There might be interesting results from the contemplation on the dependency of every object, given the ultimate dependence of the entire world on Gcd, Which doesn't really exist as we use the term. The problem brought up by the Tanya is how the term can ever mean anything anyway. For example, R. Zalman neatly erases the problem of Gcd knowing particulars with his pan(en)theism: "He perceives and knows all the higher and lower beings... This knowledge does not add multiplicipty and composition to Him at all, since it is merely knowledge of Himself; and His Being and His Knowledge are all one." (p. 313) Since there can be no thing without its Gcdly element (nothing exists w/o participation in Gcd), and everything is ultimately this one Gcd-stuff, Gcd can know everything without having to change, because, ultimately, nothing really changes. However, this seems to have gotten us nowhere. If Gcd knows things only in their ultimate form, then does he really know particulars? Does He know that this pencil has been moved to this location, if He only knows them both as being ultimately ayin? One can answer then that the pencil hasn't really moved, and it's only illusion that is has, and of course Gcd isn't taken in by the illusion. But here we are at the truth-claims problem again. If Moshe 'returns to his ayin' Ploni by killing him, does Gcd know? Of course, nothing has really happened. But how can we then distinguish between Moshe killing Ploni and, as Moshe claims, Aharon killing Ploni? It seems that Gcd cannot. Of course, more trivial examples work even better, when there is no radical change of state taking place. If I cheat on a test, nothing has ultimately changed. Does Gcd know I cheated?

If not, then R. Zalman's system cannot fulfill a large chunk of what Judaism tries to say--indeed, what he tries to say--about Gcd's knowledge. If so, however, then there is once again multiplicity and change because the aspect of the world involved in this particular instance of knowledge is changing, does involve finitude, etc. R. Zalman has solved the problem of Gcd knowing all and Gcd's knowledge and being being one; because Gcd is all. However, the question of whether particulars are known still seems problematic.

These particulars are what we colloquially call existence. If there cannot be change in Gcd, as there are in colloquial existence, then that which Gcd knows is limited. The appeal to ultimacy seems only to put the problem off. The real issue is what is meant by 'existence' when all existence is ayin. True, as Kohelet says, everything under the sun (as Zalman reads the sun) is illusory, hevel, ayin. There seems to be a kind of divine solipsism at work here, as well as the paradox that only by negating/limiting something can it be brought into being. This last raises interesting parallels with contemporary ideas about language, which I believe is used as more than a handy metaphor by R. Zalman. Language in the Tanya seems to represent the very act of particularization and fragmentation from a whole which is more or less indistinguishable from Gcd.

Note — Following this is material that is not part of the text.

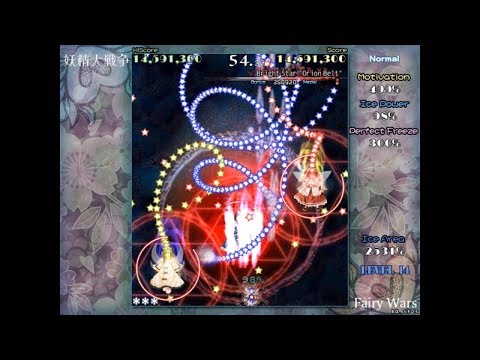 Touhou 12.8: Great Fairy Wars - Route A2-3 (New Commentary Version)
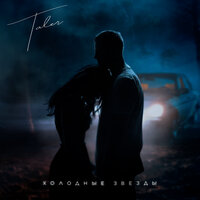 Taler - Холодные Звезды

In distinguishing, we name, and in deconstructing, we un-name and consequently un-embody. If there is no means of distinguishing between, say, this part of a hair and that part of a hair, the two parts are one, and here the smallest division used is "hair." If we perform a similar operation on objects for which we do in fact have means of distinguishing--say, a table, we begin to have trouble figuring out what the table actually is as distinct from its surroundings. R. Zalman's view of tzimtzum seems to run along similar lines. Independent entities can only arise when Gcd withdraws his 'Stuff'-ness by means of drawing divisions, i.e. letters. Linked to this process of tzimtzum, by which the infinite allows finitude, seems to be the question of Gcd's immanence. If we loosely identify matter with Gcd and form with the tzimtzum/letters, there is immanence only on a primeval,quasi-Spinozistic level. Is this enough? Perhaps it is.